Off-campus classes unfair to students

We support professors’ right to stand in solidarity with striking workers but, while there are many acceptable ways of doing so, we do not believe holding class off campus is an appropriate method of expressing that solidarity.

This is a deeply philosophical issue, and as such, we do not take it lightly. We expect healthy academic debate about the strike. However, forcing students to incur the extra costs of attending classes off campus is unacceptable and turns the classroom into a battleground for striking clerical workers.

Across the University, 161 classes with more than 4,000 students are being held off campus, according to the union Web site www.uworkers.org.
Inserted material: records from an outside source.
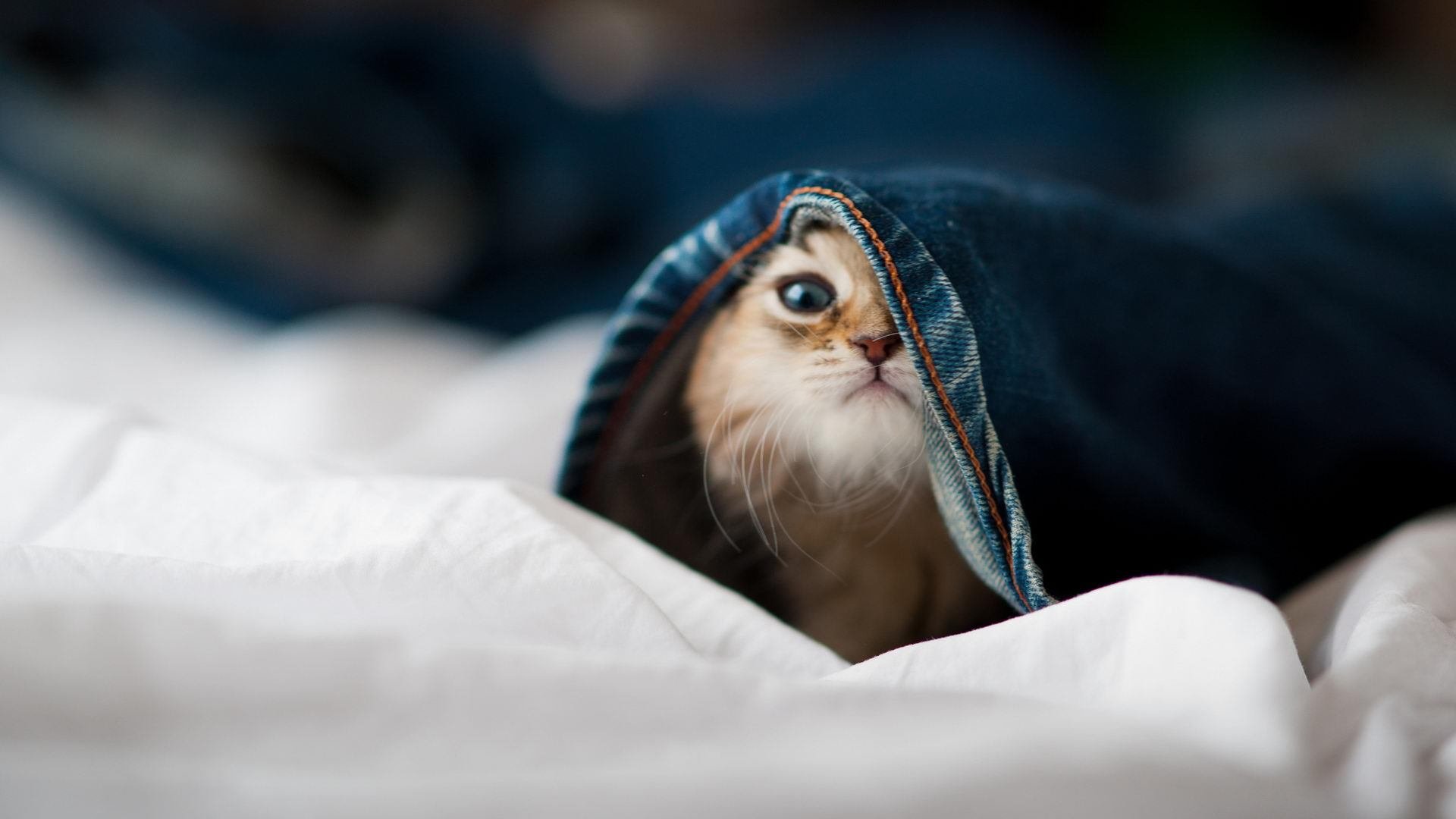 皮克一剑封喉,马里绝杀国际米兰的战术革命与永恒瞬间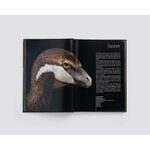 Dinosauri. Profili da un mondo perduto, tavola illustrata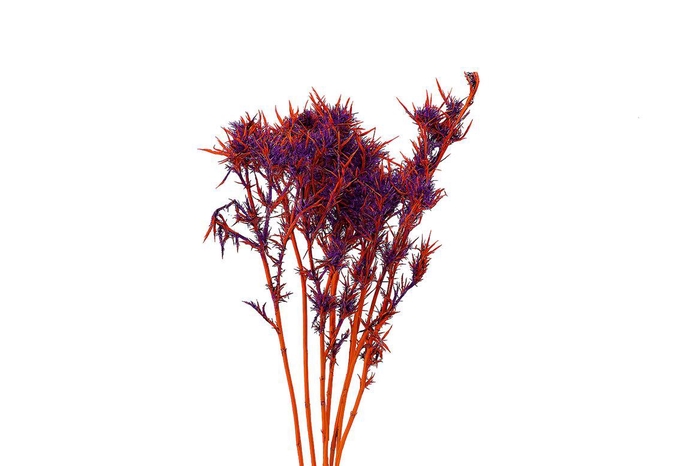 Dried Artz Cardi Vermeer Bunch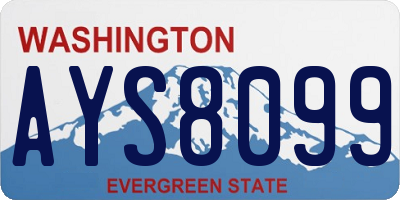 WA license plate AYS8099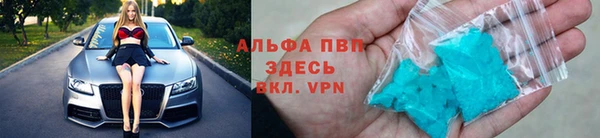 шишки Богородицк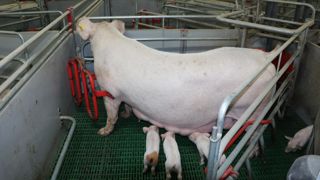 Dès 2025, 100 % des bâtiments neufs devront se doter de dispositifs liberté pour les truies.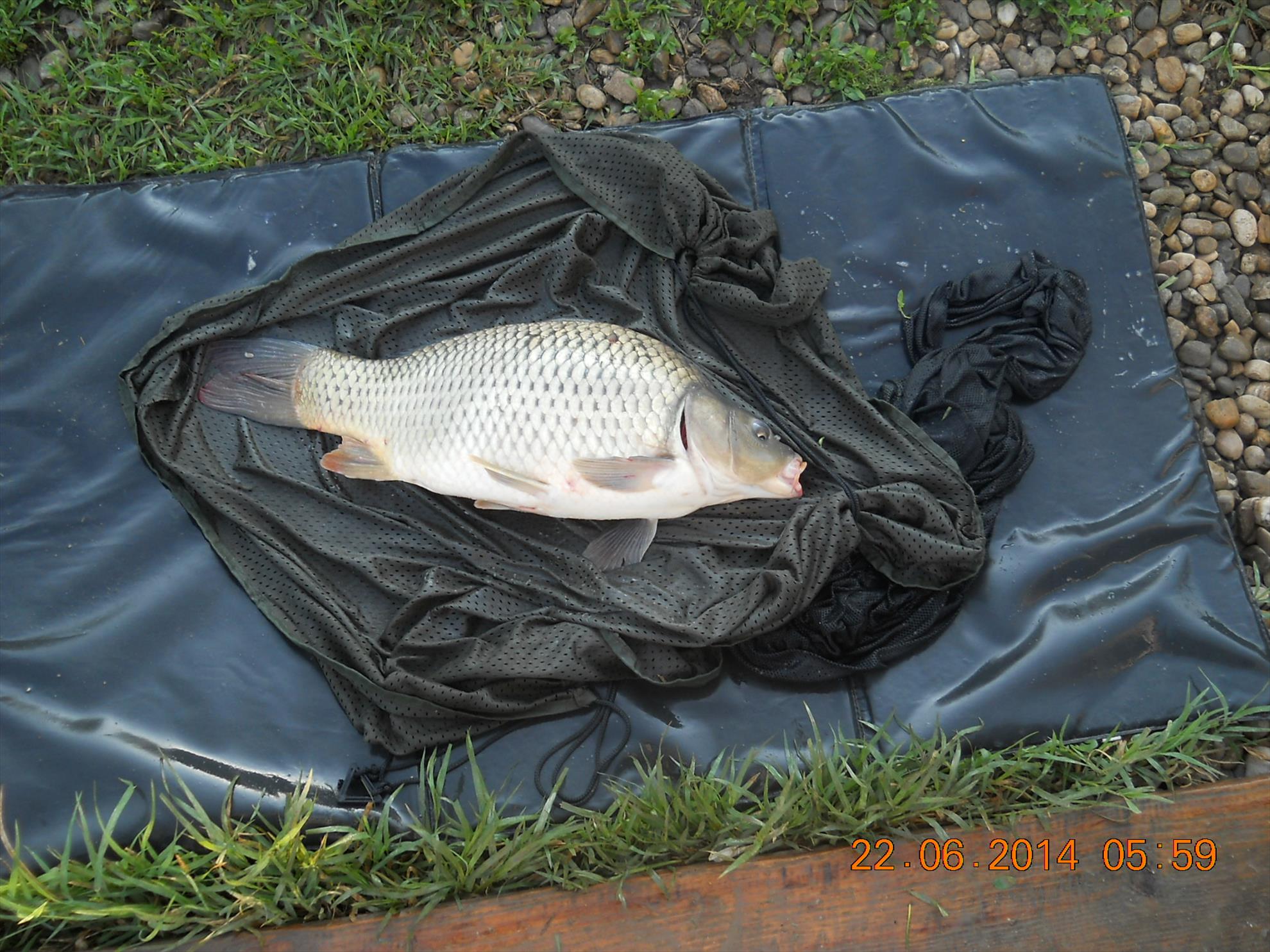 pescuit Magura 9 - dscn9572.jpg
Professors have said they plan to hold classes off campus because they want to support striking clerical workers.

Our problems with this stem from three fundamental realities.

First, students have already borne the brunt of a huge state budget cut and witnessed tuition rates skyrocket 15 percent. Generally, the economic health of students is in no way improving. Thus, students should not be expected to entertain the whims of labor-minded professors who force them to bear the costs of transporting themselves off campus to various locations.

Second, while professors disdain the notion that students are their employers by right of the huge sums of money we pay for their services, that is the truth. We have every right to expect a high-quality education in on campus University facilities.

Third, many students schedule classes with a bare minimum of between-class transit time. A change to the class’s location can be hugely disruptive, not to mention costly.

How, then, can so many professors justify holding class off campus? Do students owe the strikers anything? No. The University is asking clerical workers to foot their share of the budget cuts; students have already done so.

University President Bob Bruininks told The Minnesota Daily that off-campus classes are indeed unfair to students. We agree, and professors should recognize this reality as well.